- Born: Italy
- Occupations: Director; Storyboard Artist; Animator; Head of Story;
- Years active: Since 2000
- Known for: Éiru (2025); The Breadwinner (2017); My Father's Dragon (2022);
- Website: giovannaferrari.com

= Giovanna Ferrari =

Italian Animator

Giovanna Ferrari is an Italian director and animator based in Kilkenny, Ireland. Her notable credits include projects such as Wolfwalkers (2020) and The Breadwinner (2017) both of which were nominated for Best Animated Feature at the Academy Awards. Her short film Éiru (2025) was shortlisted in the Best Animated Short Film for the 98th Academy Awards.

== Career ==
Giovanna Ferrari started her career after graduating from the Centro Sperimentale di Cinematografia in Turin. She worked in several studios in Europe, as an assistant at Achtoons in Bologna, Italy, and at Prima Linea Productions in France. Her work at Studio 352 on the animated feature Song Of The Sea (2014) led her to a lasting work collaboration with the studio Cartoon Saloon based in Ireland.
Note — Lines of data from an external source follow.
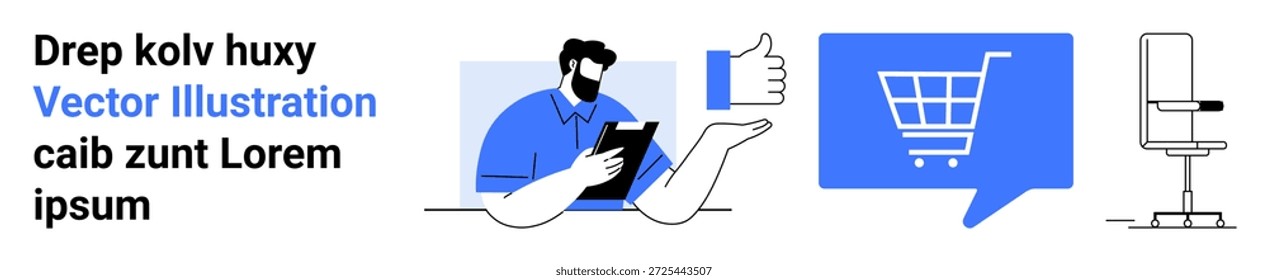Comercio electrónico, comunicación digital, interacción con el Cliente, interfaz de compras, herramientas comerciales, plataformas en línea. Persona que sostiene una tableta, símbolo de Carrito pulgar hacia arriba icono y gráfico de muebles. Comercio electrónico
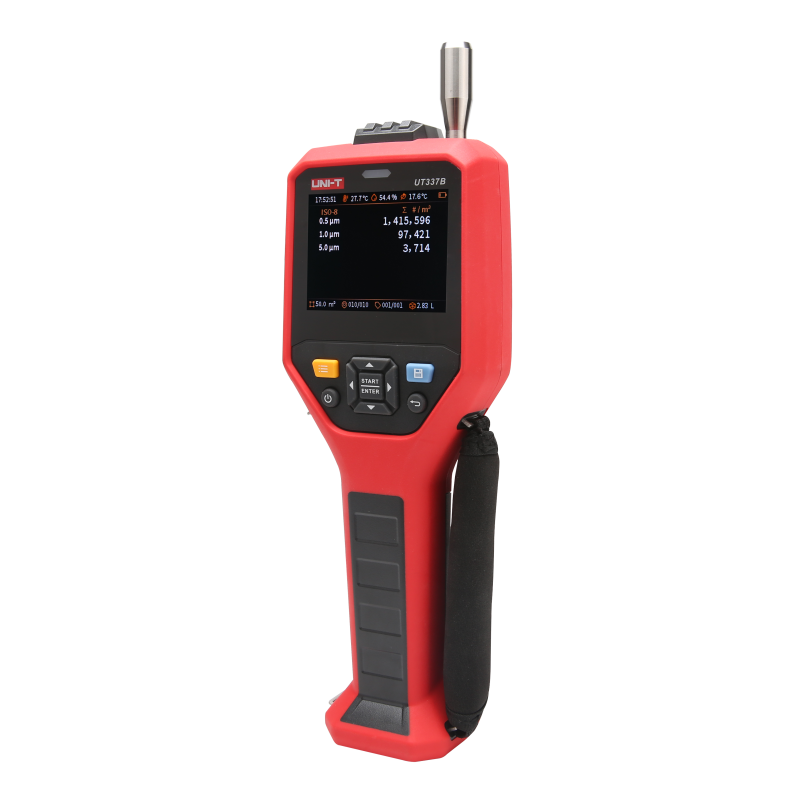 UNI-T UT337B Laser Particle Counter – 6-Channel 0.3–10 µm, ISO 21501-4, PM Mass Concentration, Temp / Humidity / Dew Point, 3.5" Colour LCD, Wi-Fi App - a 3.5" colour LCD displaying particle count data, navigation buttons, and a wrist strap.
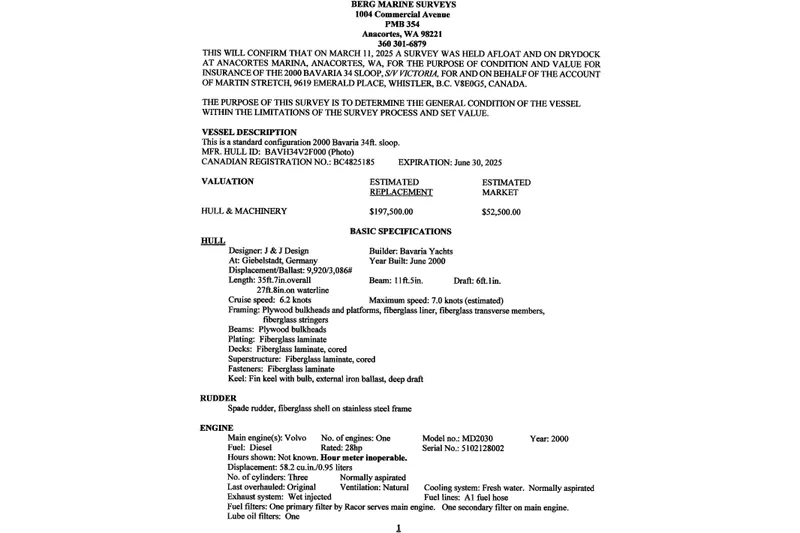 Slide: The Image of Survey document for 2000 Bavaria Sloop, detailing specifications and valuation. - 10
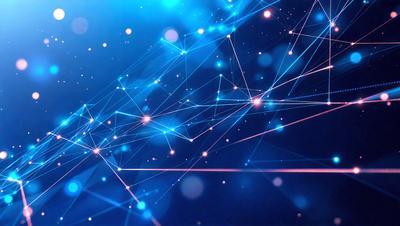 The primary subject of the image is a blue background with a pattern of blue lines and dots. The setting is a dark blue background, which creates a contrast with the blue lines and dots. The visual style is digital art, as the lines and dots are created using a computer program. The colors and mood of the image are predominantly blue, giving it a calm and serene atmosphere.
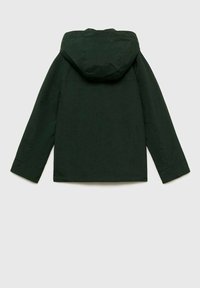 Giacca verde scuro con cappuccio, dotata di maniche lunghe, taglio dritto e tessuto liscio e leggero. La vista posteriore mostra un design semplice.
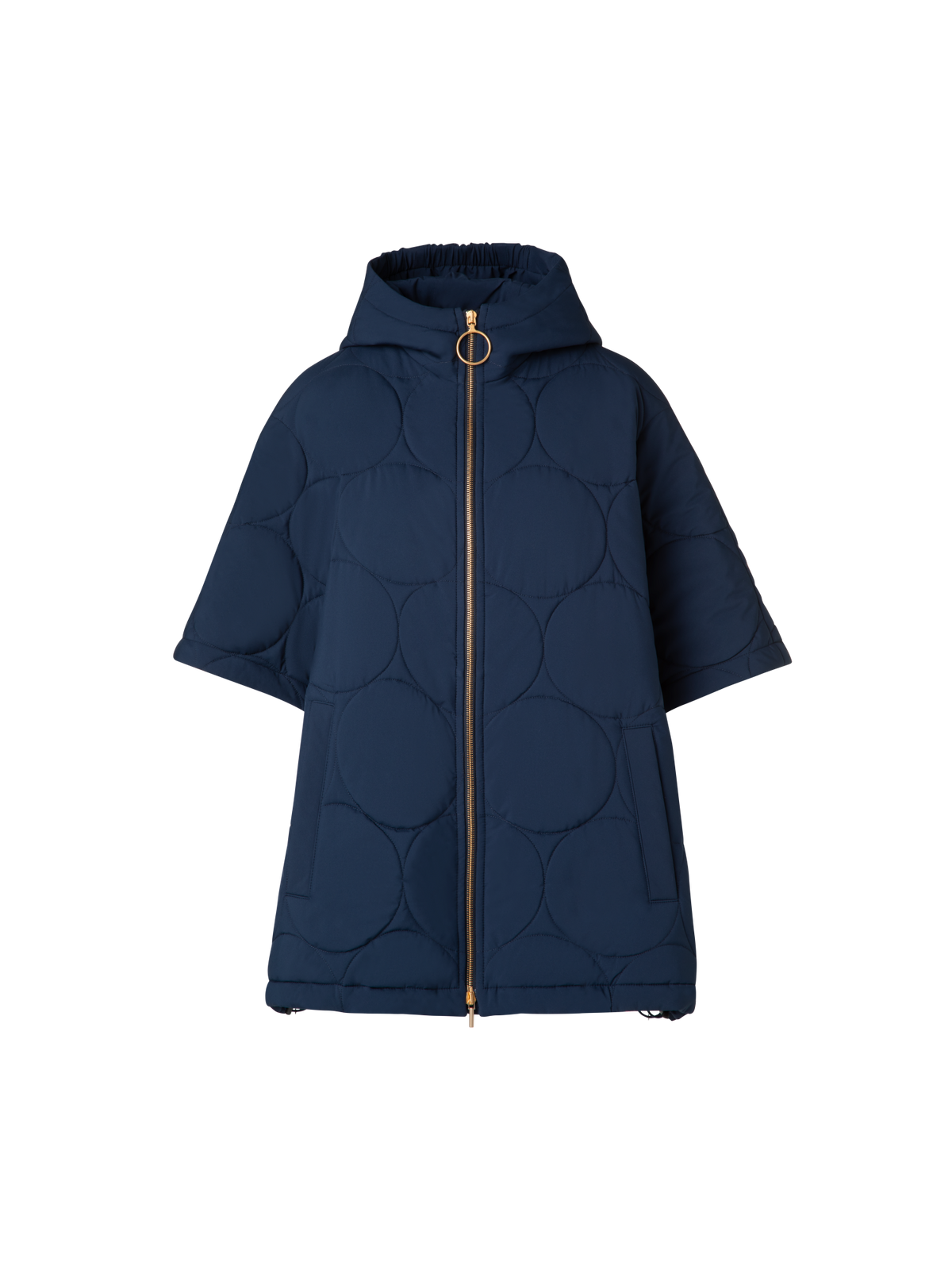 Designer A-Line Puffer Jacket in Dot Quilt - navy - blue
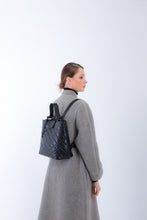 Load image into Gallery viewer, Handbag | Tote | Backpack | Quilted | Black |  100% Italian leather | Handcrafted | Greece |
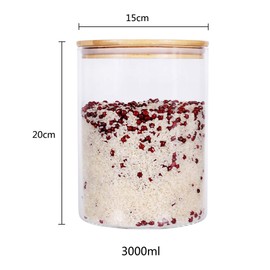 Large Glass Food Storage Container, 100 FL OZ (3000ml) Glass Food Canister with Airtight Bamboo Lids for Your Pantry, BPA-Free Cereal Dispenser Jars for Spaghetti Pasta, Powder, Tea, Coffee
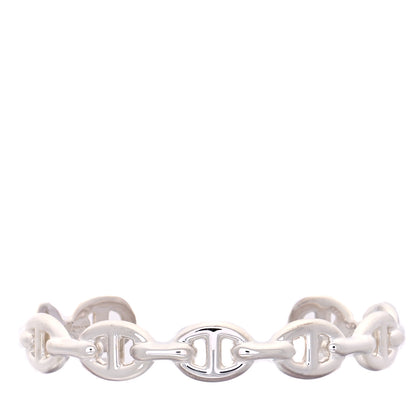 Hermes Sterling Silver MM Chaine d'Ancre Enchainee Cuff Bracelet SH 1 of 5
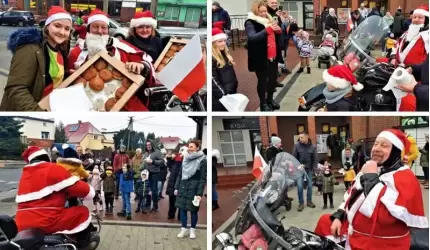 Mikołaj na motocyklu częstował mieszkańców Malczyc pączkami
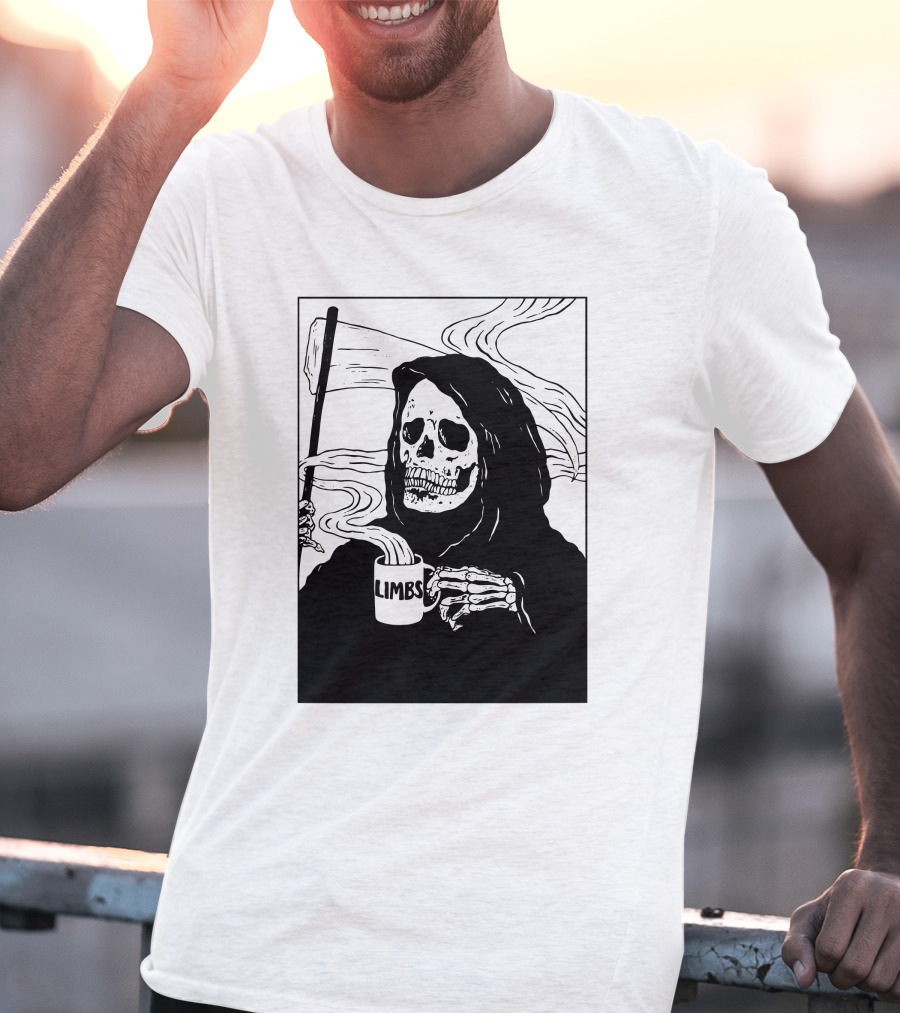 Chelsea Grin Down Right Merch Limbs Coffee Reaper Skeleton Holding Scythe And Mug T-Shirt
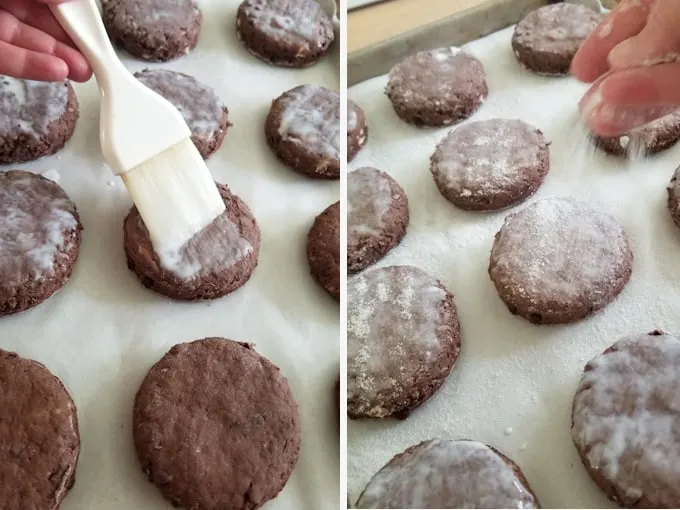 two side by side photos showing how to top chocolate shortcakes with sugar before baking.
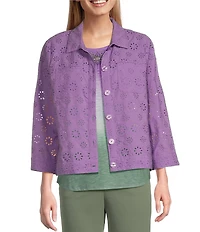 Allison Daley 3/4 Sleeve Point Collar Button Front Eyelet Jacket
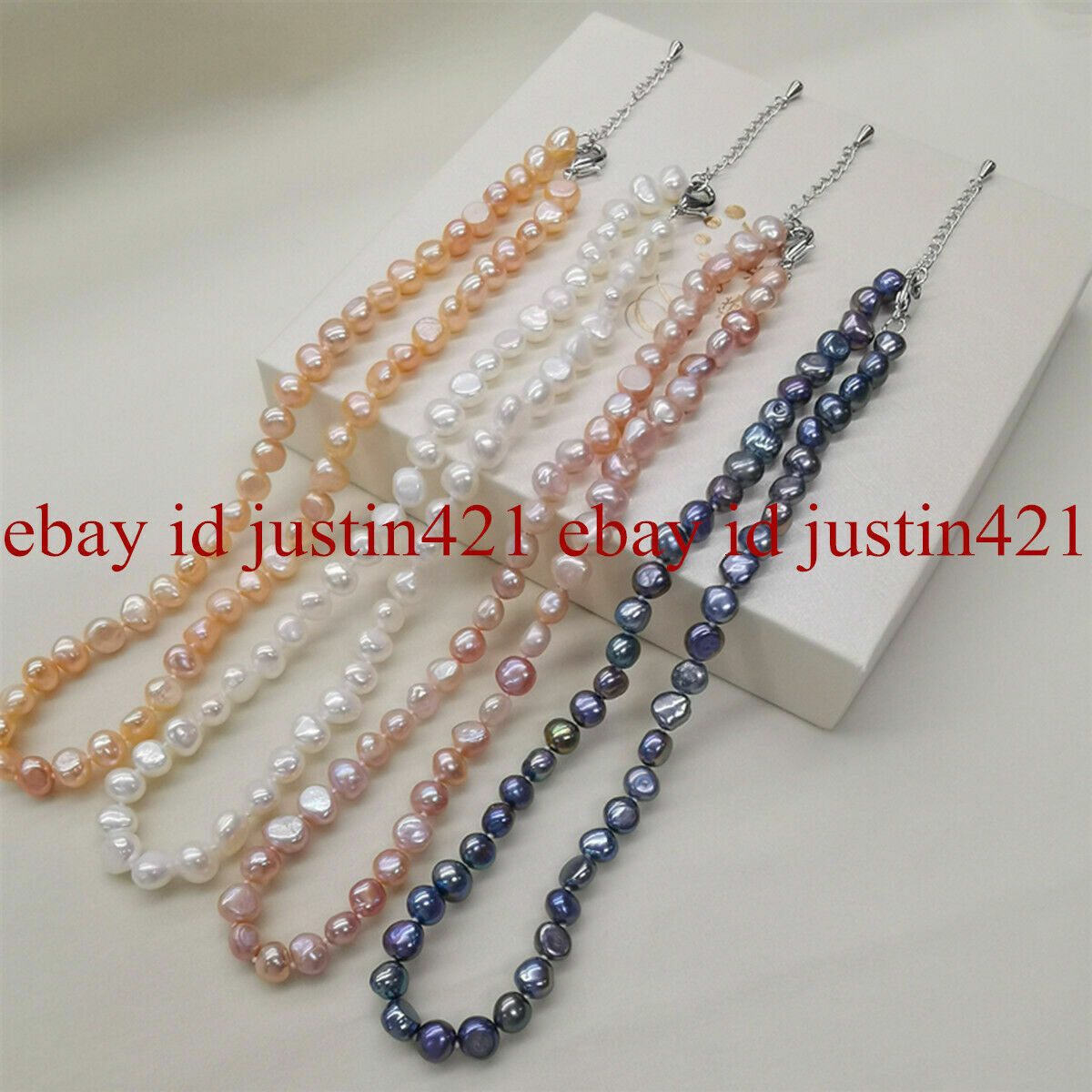 Real 8-9mm White Pink Purple Black Freshwater Baroque Pearl Necklace 16-36”
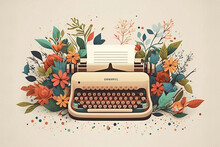 Vintage Typewriter With Flowers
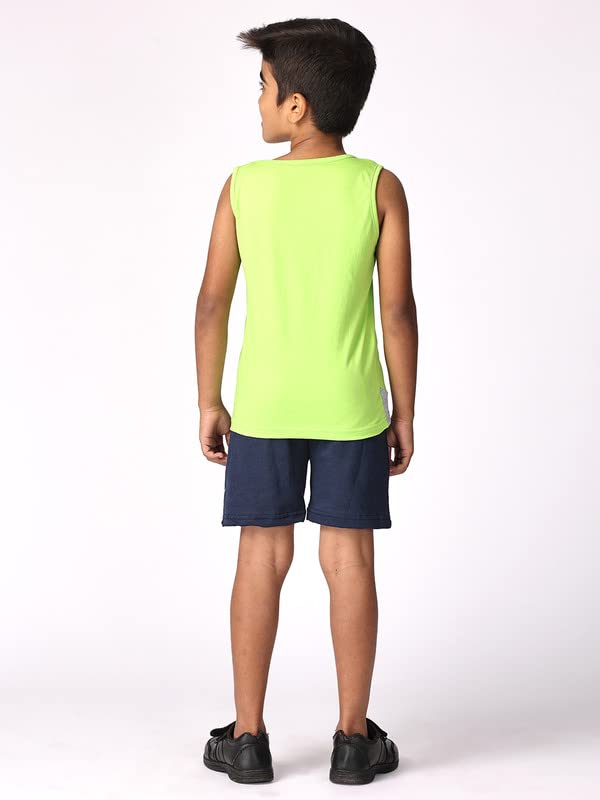 Image of TotzTouch Kids Dress For Boys T shirt | Shorts Set Summer Dress Cotton Sleeveless Tee Shirt Half Pants Clothing Set (Colors Blue, Red, Green Tops & Navy, Black, Grey Shorts) Age 1 years to 15 years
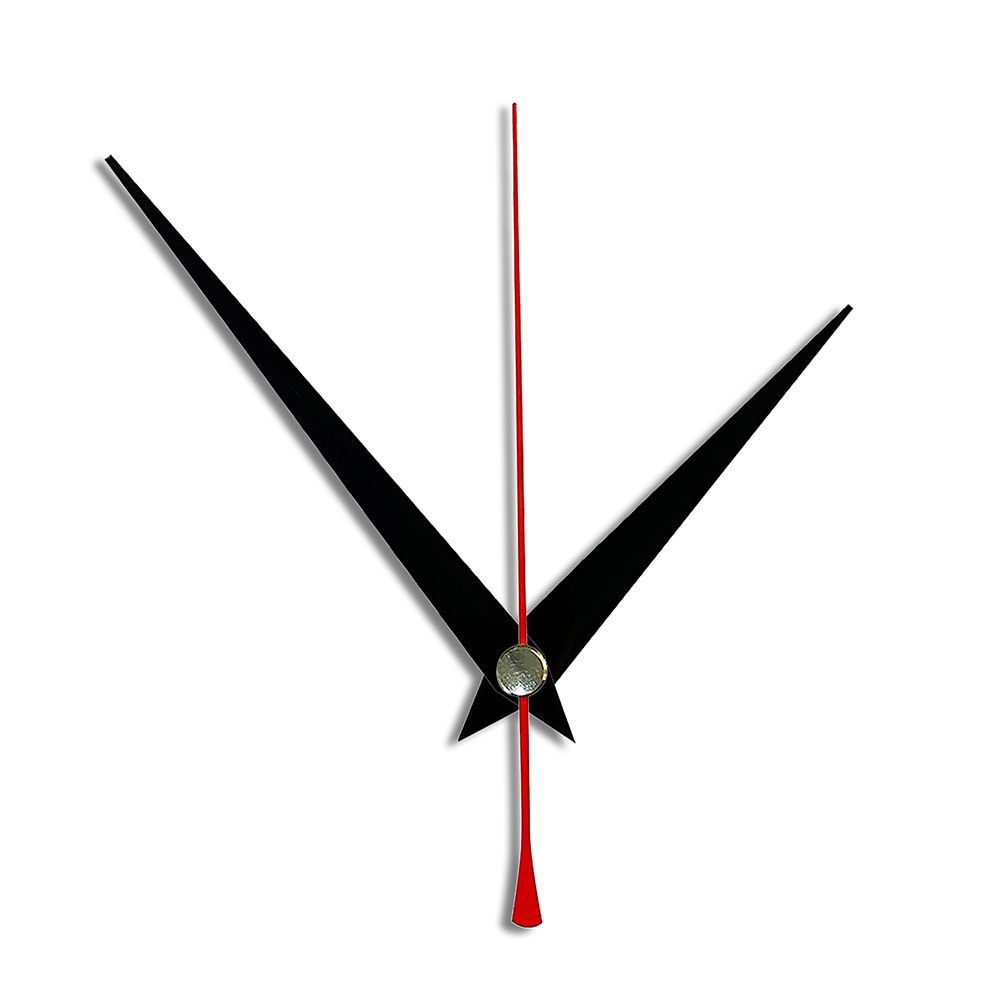 New Replacement Press Fit Quartz Chinese Coloured Clock Hands - Hand Holes 3.6mm & 5.5mm - 99mm Black Metal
Ferrari first worked as an animator for Cartoon Saloon in 2014, before taking on the role of storyboard artist and animator on their feature The Breadwinner directed by Nora Twomey which earned her an Emile Award in 2018. She then animated on Tomm Moore and Ross Stewarts' Wolfwalkers. Both films were critically acclaimed and nominated for an Academy Award. In 2018, she started working as Head of Story and animation director on Cartoon Saloon's My Father's Dragon directed by Nora Twomey and coproduced by Netflix.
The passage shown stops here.